TO DO: Below are some records. Print exactly the lines between the one holding "Here you can" and the one holding "I'm currently using", inclusive, and nothing else.

ENTRIES SHOWN:

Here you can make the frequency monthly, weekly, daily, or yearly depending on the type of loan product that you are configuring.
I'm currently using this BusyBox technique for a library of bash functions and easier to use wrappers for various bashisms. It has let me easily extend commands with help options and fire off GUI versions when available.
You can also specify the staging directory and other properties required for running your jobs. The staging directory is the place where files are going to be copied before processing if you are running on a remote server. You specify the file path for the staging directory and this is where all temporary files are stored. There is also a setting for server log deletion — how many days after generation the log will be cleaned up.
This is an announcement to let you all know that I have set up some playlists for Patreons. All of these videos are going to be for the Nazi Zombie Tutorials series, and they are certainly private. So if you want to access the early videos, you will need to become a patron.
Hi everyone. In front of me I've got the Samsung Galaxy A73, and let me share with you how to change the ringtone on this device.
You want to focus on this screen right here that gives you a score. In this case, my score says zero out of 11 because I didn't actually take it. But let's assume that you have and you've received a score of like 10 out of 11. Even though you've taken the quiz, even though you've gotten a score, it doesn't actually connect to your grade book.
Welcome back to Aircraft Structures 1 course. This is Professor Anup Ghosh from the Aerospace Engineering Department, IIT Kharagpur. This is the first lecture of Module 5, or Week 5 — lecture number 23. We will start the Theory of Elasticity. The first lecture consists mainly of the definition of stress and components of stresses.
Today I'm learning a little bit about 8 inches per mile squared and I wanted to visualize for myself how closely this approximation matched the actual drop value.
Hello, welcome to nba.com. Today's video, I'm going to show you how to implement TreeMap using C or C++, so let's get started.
--
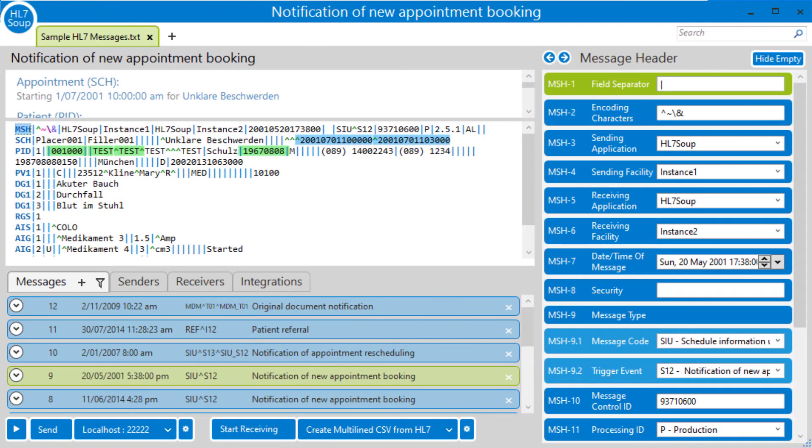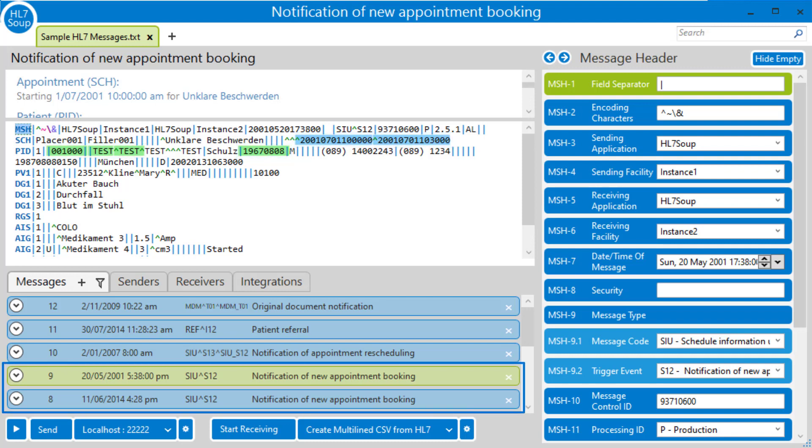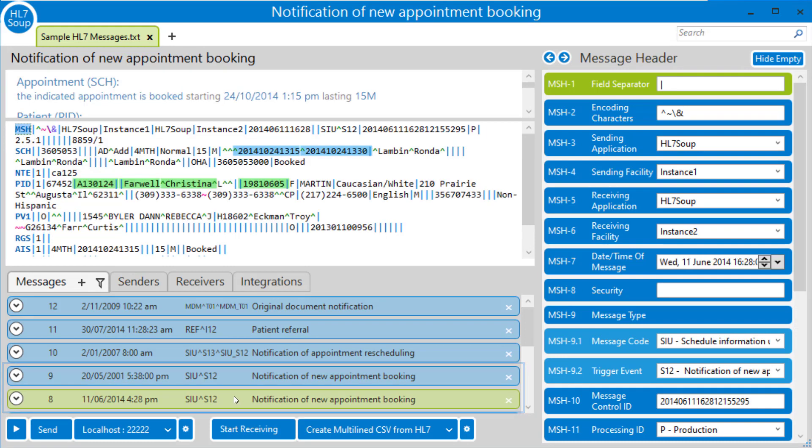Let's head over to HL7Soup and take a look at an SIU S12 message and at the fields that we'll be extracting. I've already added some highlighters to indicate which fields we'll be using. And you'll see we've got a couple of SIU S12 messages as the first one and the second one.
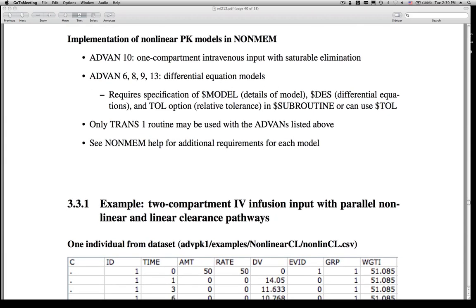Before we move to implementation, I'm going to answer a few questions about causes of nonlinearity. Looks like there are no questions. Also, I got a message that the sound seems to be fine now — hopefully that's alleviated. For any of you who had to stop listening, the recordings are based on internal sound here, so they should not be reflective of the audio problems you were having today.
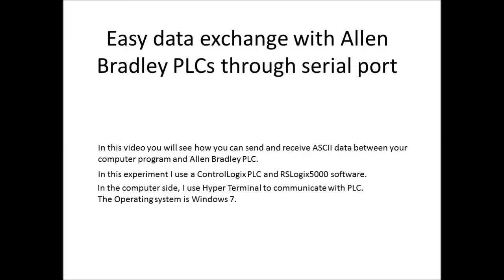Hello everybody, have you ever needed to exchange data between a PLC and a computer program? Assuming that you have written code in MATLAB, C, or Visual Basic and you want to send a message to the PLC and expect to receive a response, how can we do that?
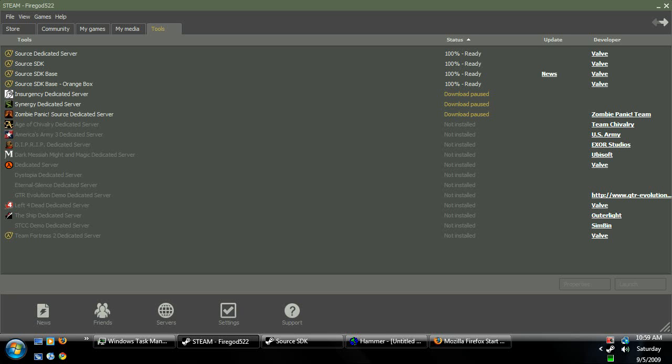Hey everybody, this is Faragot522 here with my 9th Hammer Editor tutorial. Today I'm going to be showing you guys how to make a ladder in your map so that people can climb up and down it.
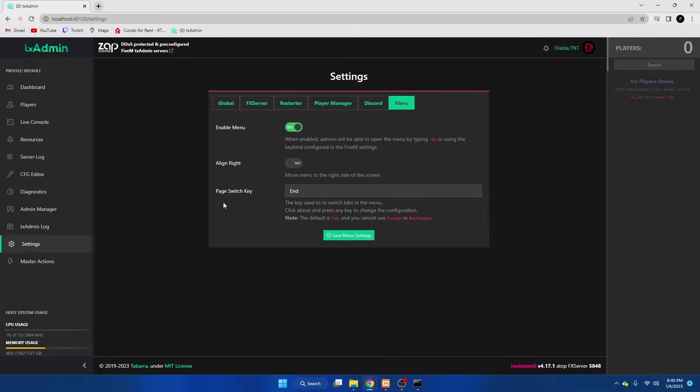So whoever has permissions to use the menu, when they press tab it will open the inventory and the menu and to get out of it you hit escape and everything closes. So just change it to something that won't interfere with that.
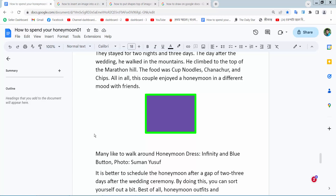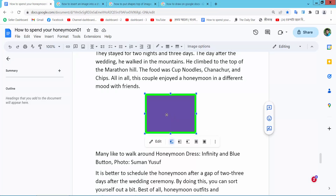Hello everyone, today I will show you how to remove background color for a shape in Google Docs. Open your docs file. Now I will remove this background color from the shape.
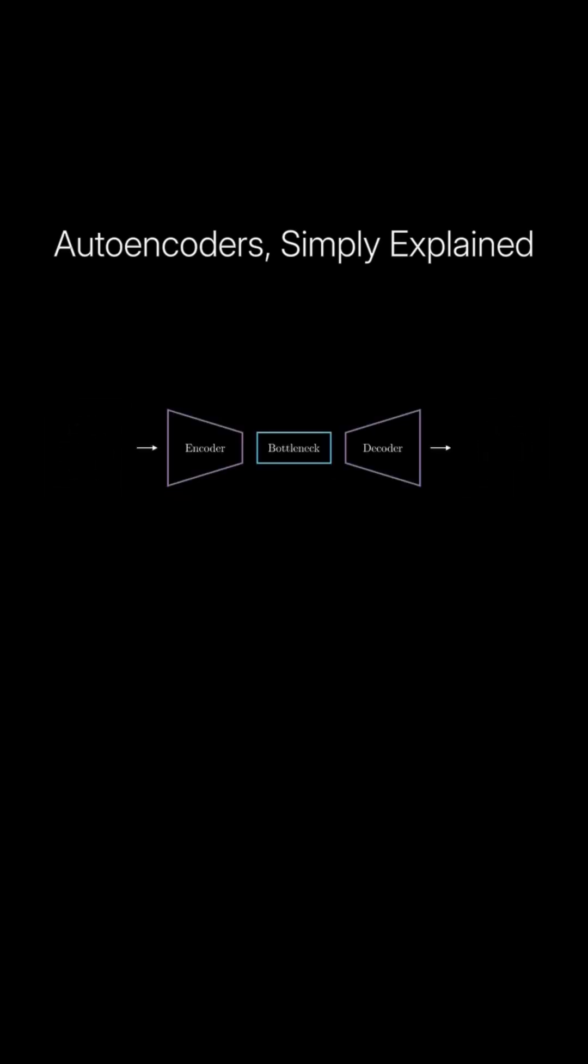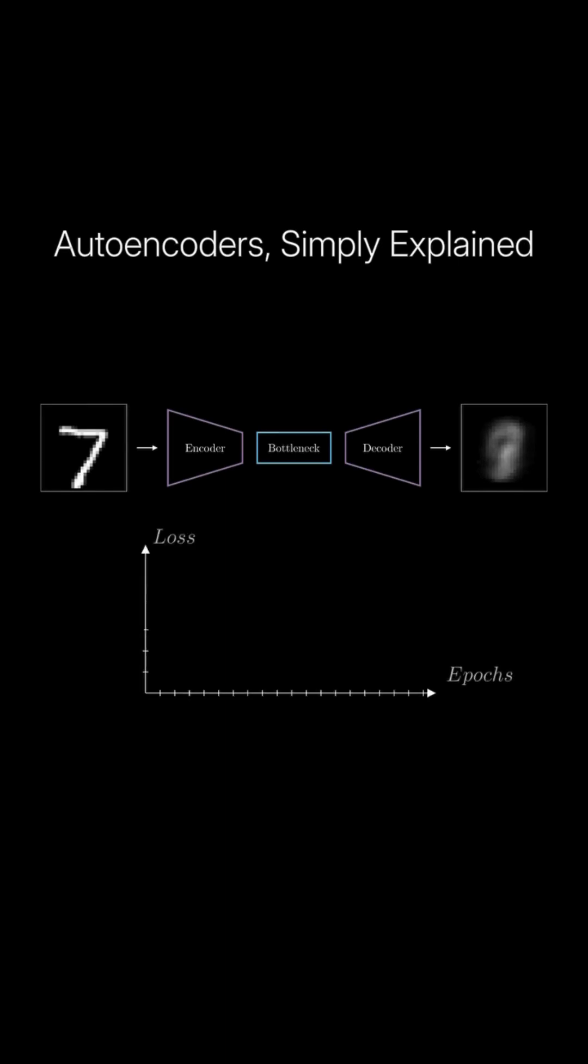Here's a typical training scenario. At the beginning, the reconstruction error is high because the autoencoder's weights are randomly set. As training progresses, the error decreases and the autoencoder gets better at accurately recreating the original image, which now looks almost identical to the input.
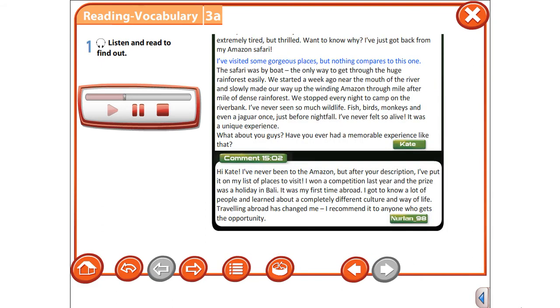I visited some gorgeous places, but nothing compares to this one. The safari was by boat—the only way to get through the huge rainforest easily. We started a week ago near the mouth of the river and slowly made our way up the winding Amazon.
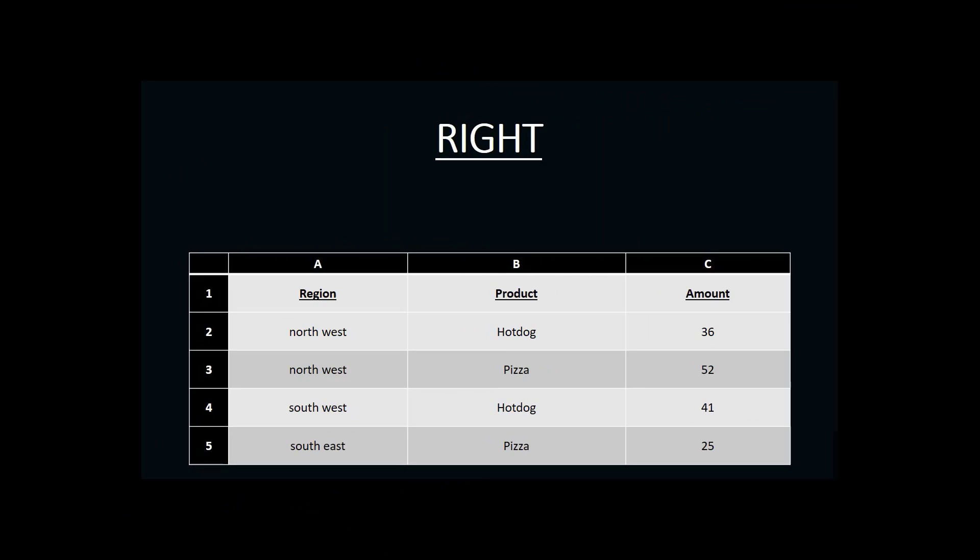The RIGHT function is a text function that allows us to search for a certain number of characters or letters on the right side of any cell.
---
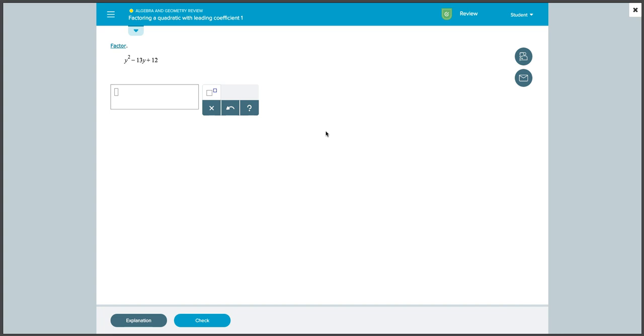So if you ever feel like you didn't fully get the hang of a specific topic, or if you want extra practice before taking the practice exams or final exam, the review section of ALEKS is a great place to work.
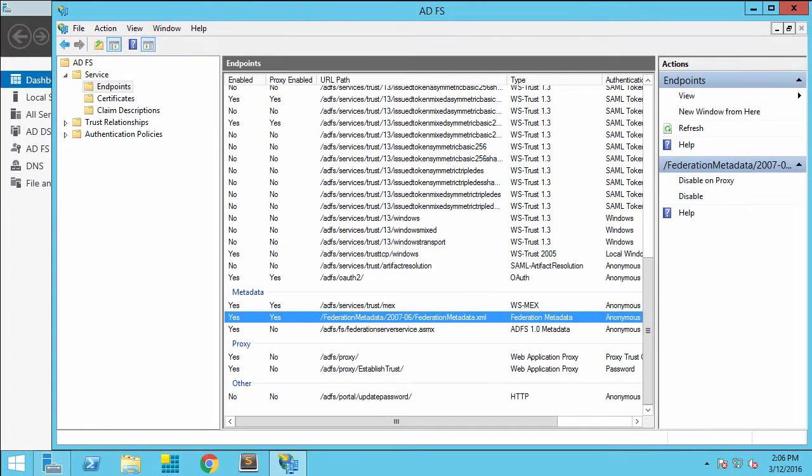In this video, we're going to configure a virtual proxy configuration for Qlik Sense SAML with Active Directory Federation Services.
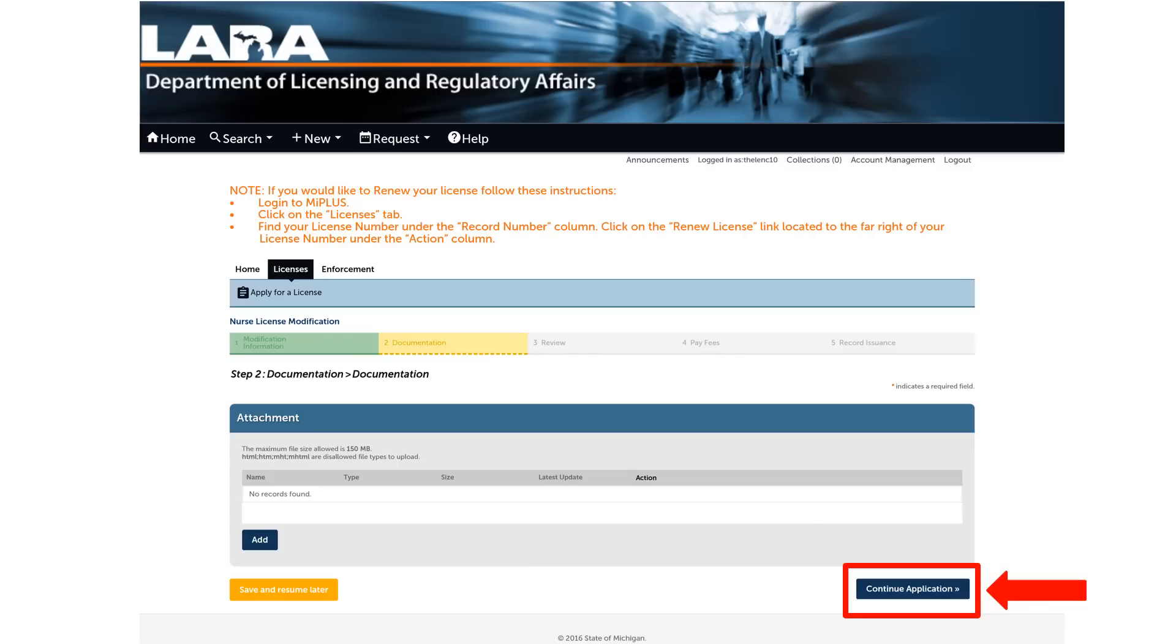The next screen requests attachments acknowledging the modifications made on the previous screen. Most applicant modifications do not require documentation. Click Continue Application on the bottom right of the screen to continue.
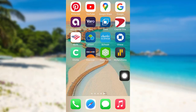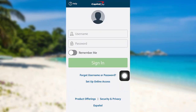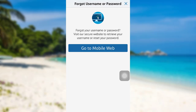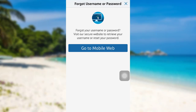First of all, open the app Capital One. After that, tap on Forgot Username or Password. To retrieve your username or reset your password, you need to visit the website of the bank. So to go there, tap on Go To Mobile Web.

ANSWER TO THIS PROBLEM:
Here you can make the frequency monthly, weekly, daily, or yearly depending on the type of loan product that you are configuring.
I'm currently using this BusyBox technique for a library of bash functions and easier to use wrappers for various bashisms. It has let me easily extend commands with help options and fire off GUI versions when available.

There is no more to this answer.